The information is also published with an open standard for publishing digital information on development cooperation, called The International Aid Transparency Initiative (IATI). The main advantages of this open standard are that the information is more current and prospective, and comparable to that of other partners and donors. It contains past, present and planned activities of major international organisations and national development cooperation agencies, and of small civil society organisation projects. Publishing aid data according to the IATI registry opens up the development of systems and solutions that can display and visualise the information. This is of interest to actors in development cooperation, donors and partner countries that need tools to plan, review and follow up activities. However, in the end, this benefits those who pay for the assistance, i.e. the taxpayers, and those who are reached by the assistance.
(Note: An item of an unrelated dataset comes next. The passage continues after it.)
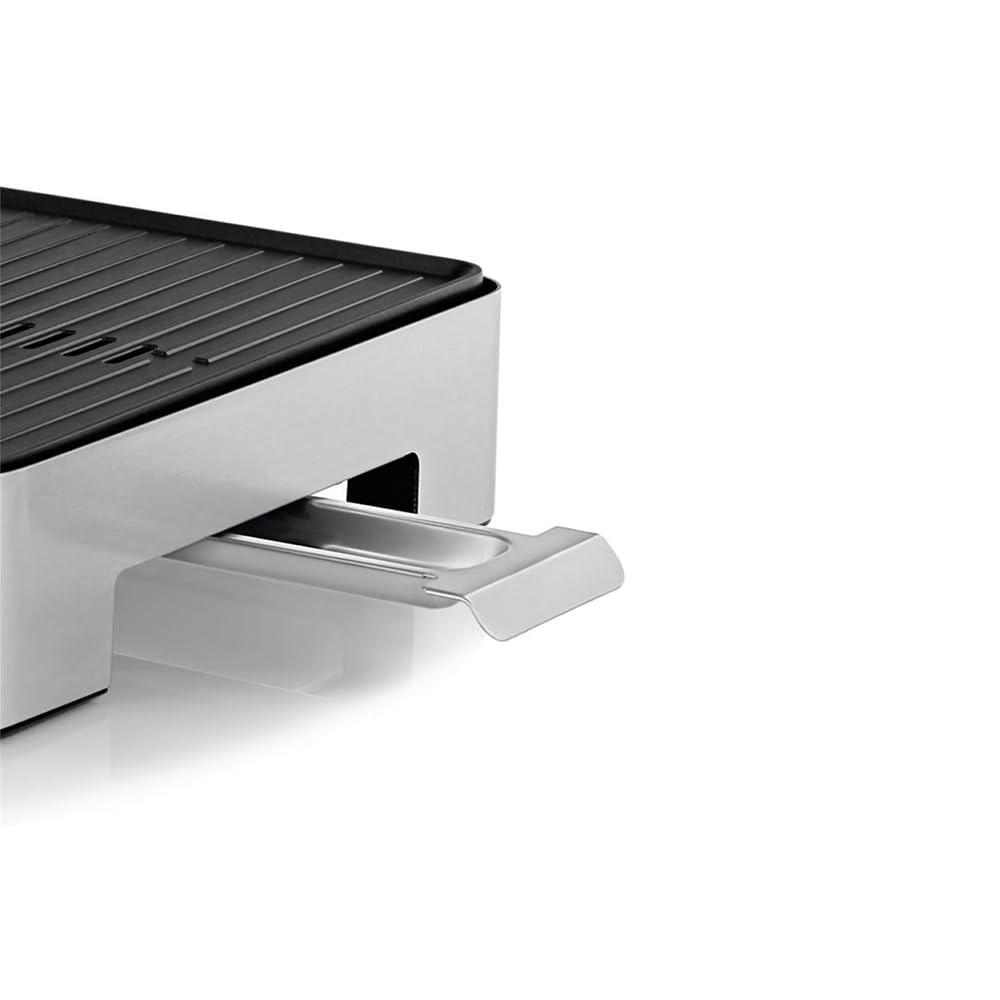 WMF 415190011 Quadro Grille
1.5Current national and international challenges for enhanced aid and fiscal transparency and accountability in development cooperation
To achieve development effectiveness, increased transparency is essential in itself as well as a prerequisite for development results, in aid resources as well as in partner countries’ budgets and public financial management. Aid transparency and fiscal transparency are therefore intrinsically linked. Budgets in partner countries cannot be made fully transparent without aid transparency. In addition, transparency of aid flows and transparency of partner countries’ own resources are both prerequisites for better accountability, leading to sustainable and locally owned development results. The possibility for citizens to scrutinise the use of resources and government actions creates incentives for results throughout the aid chain. Horizontal accountability both within and between public institutions is needed to enable parliamentary oversights and audit institutions to improve the effective use of resources. Vertical accountability between the government and its citizens, civil society and the media is also needed. Governments need to support an enabling environment for parliaments, audit institutions, civil society and the media to access information and engage in development processes in their own countries.
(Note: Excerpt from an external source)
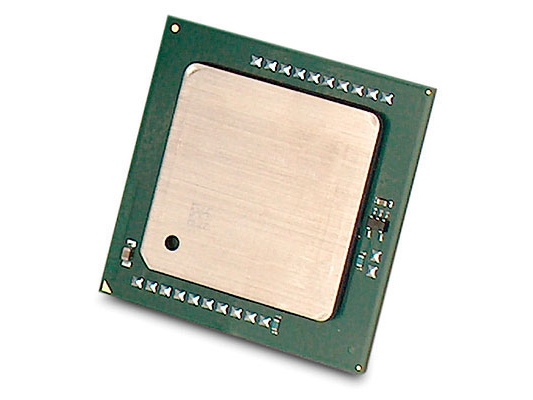 Intel Xeon - 2,8 Ghz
Aid transparency is a priority commitment arising from the 4th High Level Forum on Aid Effectiveness. It is enshrined in the Busan Partnership document and the EU Council Conclusions from November 2011. These new commitments now need to be implemented by all the actors behind the agreements. Focus is needed on the implementation of actionable initiatives and the fulfilment of the commitments. Driving forces such as the Building Block on Transparency, a coalition of the willing, are pertinent to ensure the agenda is taken forward, as are potential ‘game changers’ such as the IATI, the OGP and the Global Initiative for Fiscal Transparency (GIFT).